Exposure, to be sure, is a democratic good. But is it therefore a democratic end? Are archives that expose government secrets inherently democratic? Is the opening of archives itself a democratic accomplishment?
Of course, democratic societies need information, but the democratic culture of the United States is too prone not just to the rather crass assumption that more information is always better but to the more sophisticated Whitmanian and Deweyan assumption, more recently championed by Richard Rorty, that democracy is ultimately a matter of “experience.” “Information,” especially freedom of information, fits nicely with such a notion of democracy. “Information” is synonymous with exposure and exposure itself a kind of democratic good. Archives in this Deweyan cultural context become potential sites of exposé, disclosure, revelation, and so on—all aiming ideally toward a broadly distributed culture of critical judgment. Justice, in this Deweyan world, would seem to be a spontaneous outgrowth of the proliferation of democratic experience, rather than a particular end to be achieved through concerted and focused effort.
To be sure, judgment is both the beginning and end of justice. We move toward justice through acts of judgment, and justice is enacted in an authoritative act of judgment. But in Deweyan culture, judgment reigns so supreme that it can take the place of justice. If “experience” is at the heart of democracy, democratic experiences can proliferate quite apart from substantive changes in the state of affairs. [Indeed, a curious connection can be drawn between Deweyan democratic culture and the activities of the NSA and other surveillance agencies. Both “archives as information for critical judgment” and “data as information for analysis” can and do operate quite apart from immediate concerns with justice.]

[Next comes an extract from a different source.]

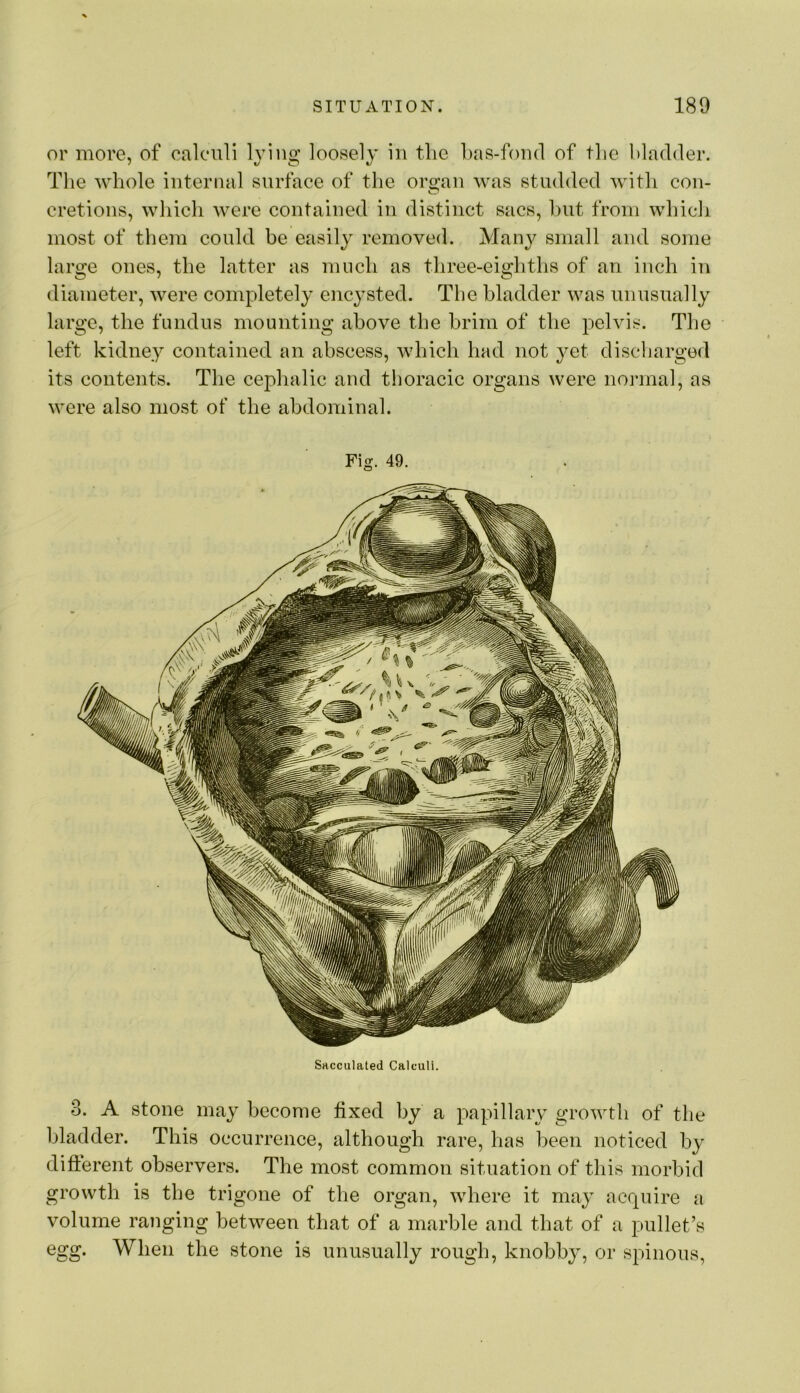 or more, of calculi lying loosely in the l)as-foiul of the bladder. The whole interiuil surface of the or^au was studded with cou- cretions, which were contained in distinct sacs, hut from which most of them could be easily removed. Many small and some large ones, the latter as much as three-eigliths of an inch in diameter, were completely encysted. The bladder was unusually large, the fundus mounting above the brim of the pelvis. The left kidney contained an abscess, which had not yet discharged its contents. The ceplialic and thoracic organs were normal, as were also most of the abdominal. Fig. 49. Sacculated Calculi. 3. A stone may become fixed by a papillary growth of the bladder. This occurrence, although rare, has been noticed by difi:erent observers. The most common situation of this morbid growth is the trigone of the organ, where it may acquire a volume ranging between that of a marble and that of a pullet’s egg. When the stone is unusually rough, knobby, or spinous,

The Archivo Histórico de la Policia Nacional challenges these Deweyian assumptions as it insists that exposure is not enough. The democratic culture of the Archivo is one where history, condensed in the archives, is proactively oriented toward justice through acts of exposure, yes, but moreso through the construction of structures of accountability, of justice, even in a political context where those structures are regularly frustrated by corruption, cronyism, and fear. Still, the people of the Archivo persist in their factory-like work, working toward a country not yet achieved. The goal of democratic politics, they attest, is not ultimately a broad realization of critical judgment and widespread forms of democratic “experience,” but justice, an objective order, a state of affairs, indeed a state. Richard Rorty offers no categories for understanding the methodical labors of the Archivo.